MADISON, Wis. (AP) - Republican Senate Majority Leader Scott Fitzgerald said Friday there will be enough votes to pass a right-to-work bill in Wisconsin this session after the GOP majority grows to 19 following the April election to fill a vacant seat.

Right-to-work laws, in place in 24 other states, prohibit private-sector employers from requiring workers to pay union dues or join a union as a condition of employment. In an interview with WTMJ radio in Milwaukee, Fitzgerald said lawmakers “were coming around,” on the issue.

“They’re starting to understand the ins and outs,” he said.

Supporters of such laws say it’s about worker freedom and employees should not be forced to join a union, particularly if they don’t agree with its politics or feel the cost isn’t worth the benefit. Opponents say requiring union membership ensure workers are paid well and have job protections negotiated by unions.

The issue pits Republicans against unions, contractors and Democrats in a debate that would likely resemble the fight four years ago over public worker collective-bargaining rights that led to Gov. Scott Walker’s recall election.
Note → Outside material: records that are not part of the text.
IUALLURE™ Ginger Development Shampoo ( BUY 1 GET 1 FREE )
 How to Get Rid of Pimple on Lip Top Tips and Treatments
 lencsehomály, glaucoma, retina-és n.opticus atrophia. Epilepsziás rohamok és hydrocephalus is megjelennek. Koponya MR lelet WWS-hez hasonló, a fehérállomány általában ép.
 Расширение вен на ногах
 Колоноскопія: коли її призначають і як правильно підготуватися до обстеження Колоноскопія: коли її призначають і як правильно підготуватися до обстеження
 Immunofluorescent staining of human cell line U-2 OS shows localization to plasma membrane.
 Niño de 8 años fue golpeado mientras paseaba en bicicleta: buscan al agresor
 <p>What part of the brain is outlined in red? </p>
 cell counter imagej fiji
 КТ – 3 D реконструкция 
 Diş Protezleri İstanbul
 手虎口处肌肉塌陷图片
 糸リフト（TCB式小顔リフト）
Walker, who is mulling a 2016 presidential bid, has said he supports a right-to-work law but that debating it now - while he’s pushing his own legislative priorities - would be a distraction.

But earlier this week Walker said his support for right-to-work has not wavered, noting that he co-sponsored a bill to do that when he was in the state Assembly.

Fitzgerald had been calling for swift action, but backed off last week after saying support in the Senate was unclear.

Republicans currently hold an 18-14 majority in the Senate. That will grow to 19-14 after the April 7 election, when a vacant seat is filled. Three Republicans and no Democrats are running in the race.

Fitzgerald’s spokeswoman Myranda Tanck said after the interview that Fitzgerald does not have a current vote count. Fitzgerald said during the interview that he believes he will have the 17 votes he needs to pass the bill by the end of the session.

Fitzgerald also said it would be better for the Legislature to take up the right-to-work legislation at the same time it considers eliminating the state’s prevailing wage law as ways to help plug a hole in the state’s transportation budget. Fitzgerald said there’s also strong support to repeal that 2009 law, which requires certain wages be paid on government projects.

Republican Assembly Speaker Robin Vos supports right-to-work and has said the bill would start in the Senate. No bill has been introduced yet.

Members of the Wisconsin Contractor Coalition, which formed to oppose right-to-work efforts and has about 350 construction-related businesses on board, are lobbying lawmakers on the issue, said the group’s spokesman Steve Lyons.

“We are hopeful as state senators continue to hear from local job creators, that they will understand the negative impact of right to work,” Lyons said. The group also opposes repealing the prevailing wage law.